First and foremost, I'm a huge fan of Indigo. I'm also hugely thankful that Matt and Jay have dedicated their work for this project. Having lived without home automation for a couple of months during a move and when away on vacations, I've come to realize just how enabling Indigo has made my laziness! I really cannot see living without home automation in general and indigo specifically.

I dabble with very basic stuff but I am no developer, but something has been nagging at me for several years.

Each year we get a dire warning about not updating to a beta version of the software. I understand the ideas here... Apple pushes the envelope or rewrites something that wasn't broken to begin with and breaks a bunch of shit. Much of this gets fixed during the beta development process and gets fixed.

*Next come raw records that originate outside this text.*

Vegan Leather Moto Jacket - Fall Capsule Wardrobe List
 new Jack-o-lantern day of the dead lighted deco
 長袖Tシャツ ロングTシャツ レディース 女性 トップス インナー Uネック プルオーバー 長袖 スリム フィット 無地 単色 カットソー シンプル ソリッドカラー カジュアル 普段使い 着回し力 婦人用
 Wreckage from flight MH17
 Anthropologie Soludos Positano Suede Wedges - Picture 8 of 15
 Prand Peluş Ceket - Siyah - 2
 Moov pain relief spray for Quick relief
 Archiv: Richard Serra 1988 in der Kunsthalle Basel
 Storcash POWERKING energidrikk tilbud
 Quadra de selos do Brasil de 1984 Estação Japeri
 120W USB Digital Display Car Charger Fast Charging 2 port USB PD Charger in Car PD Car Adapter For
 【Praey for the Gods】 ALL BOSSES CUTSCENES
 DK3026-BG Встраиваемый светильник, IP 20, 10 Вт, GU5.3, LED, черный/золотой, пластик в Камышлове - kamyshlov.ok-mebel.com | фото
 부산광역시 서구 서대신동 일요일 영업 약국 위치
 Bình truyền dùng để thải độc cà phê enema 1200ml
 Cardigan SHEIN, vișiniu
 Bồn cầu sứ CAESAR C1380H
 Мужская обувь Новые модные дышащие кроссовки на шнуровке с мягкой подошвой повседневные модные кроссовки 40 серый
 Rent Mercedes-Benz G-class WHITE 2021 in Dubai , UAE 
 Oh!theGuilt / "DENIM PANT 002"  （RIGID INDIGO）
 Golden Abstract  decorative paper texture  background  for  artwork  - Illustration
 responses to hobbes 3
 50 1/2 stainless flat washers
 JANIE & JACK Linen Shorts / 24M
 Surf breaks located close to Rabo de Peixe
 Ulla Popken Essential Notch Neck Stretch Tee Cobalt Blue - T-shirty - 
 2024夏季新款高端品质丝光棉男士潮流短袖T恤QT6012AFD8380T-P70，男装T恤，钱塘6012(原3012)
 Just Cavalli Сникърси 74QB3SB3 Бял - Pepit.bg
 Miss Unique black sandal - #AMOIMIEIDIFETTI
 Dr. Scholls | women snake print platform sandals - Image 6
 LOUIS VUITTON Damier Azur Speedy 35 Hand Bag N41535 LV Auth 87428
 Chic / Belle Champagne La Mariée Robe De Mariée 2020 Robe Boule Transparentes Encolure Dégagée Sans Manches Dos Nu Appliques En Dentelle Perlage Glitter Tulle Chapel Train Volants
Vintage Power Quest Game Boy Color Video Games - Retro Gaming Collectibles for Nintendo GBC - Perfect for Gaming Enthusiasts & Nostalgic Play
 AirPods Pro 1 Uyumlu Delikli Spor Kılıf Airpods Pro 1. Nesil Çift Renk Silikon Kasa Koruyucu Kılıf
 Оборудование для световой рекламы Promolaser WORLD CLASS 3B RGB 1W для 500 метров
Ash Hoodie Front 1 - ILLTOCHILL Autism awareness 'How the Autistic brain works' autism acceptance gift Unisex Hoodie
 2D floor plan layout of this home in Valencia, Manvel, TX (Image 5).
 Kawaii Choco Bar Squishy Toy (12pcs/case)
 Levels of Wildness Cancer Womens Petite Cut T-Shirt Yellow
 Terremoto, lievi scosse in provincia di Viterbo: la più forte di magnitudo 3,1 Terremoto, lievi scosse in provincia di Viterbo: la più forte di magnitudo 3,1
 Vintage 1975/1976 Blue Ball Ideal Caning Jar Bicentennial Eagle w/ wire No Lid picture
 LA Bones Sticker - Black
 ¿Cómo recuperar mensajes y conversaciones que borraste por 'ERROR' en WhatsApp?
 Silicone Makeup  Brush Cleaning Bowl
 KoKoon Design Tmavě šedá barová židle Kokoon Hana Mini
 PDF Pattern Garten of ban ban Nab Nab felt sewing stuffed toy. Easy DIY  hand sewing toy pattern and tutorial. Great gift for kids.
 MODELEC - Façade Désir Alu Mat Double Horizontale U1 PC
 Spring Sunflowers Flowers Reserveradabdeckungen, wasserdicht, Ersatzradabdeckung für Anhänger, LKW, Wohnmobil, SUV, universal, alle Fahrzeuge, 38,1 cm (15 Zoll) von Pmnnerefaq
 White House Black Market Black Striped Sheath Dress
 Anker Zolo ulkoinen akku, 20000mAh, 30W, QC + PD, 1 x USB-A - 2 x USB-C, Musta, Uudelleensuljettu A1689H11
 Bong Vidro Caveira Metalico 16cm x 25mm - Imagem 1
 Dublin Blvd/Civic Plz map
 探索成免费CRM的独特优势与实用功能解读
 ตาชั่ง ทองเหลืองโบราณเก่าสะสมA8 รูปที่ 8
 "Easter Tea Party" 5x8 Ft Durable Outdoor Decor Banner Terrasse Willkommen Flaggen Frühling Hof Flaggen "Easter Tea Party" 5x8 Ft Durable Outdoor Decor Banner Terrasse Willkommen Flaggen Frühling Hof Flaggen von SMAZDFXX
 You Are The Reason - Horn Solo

However, during the last few years the warnings have extended beyond that. For example, we are up to Mac OS .5 release and still told to hang tight if we want a stable system. I can appreciate that approach. If we keep the same OS we are going to be in a stable predicable environment. At one time, that was fine because Indigo really was the only mission critical software I was running. However as time has progressed, I now run Plex, Photos where I download all my originals, and other things that are also mission critical. I'm sure these mission critical things vary from user to user but I can't imagine I'm the only one in this boat.

While I would gladly buy another mac mini server to dedicate as an indigo machine, this isn't a decision that I'm willing to make financially.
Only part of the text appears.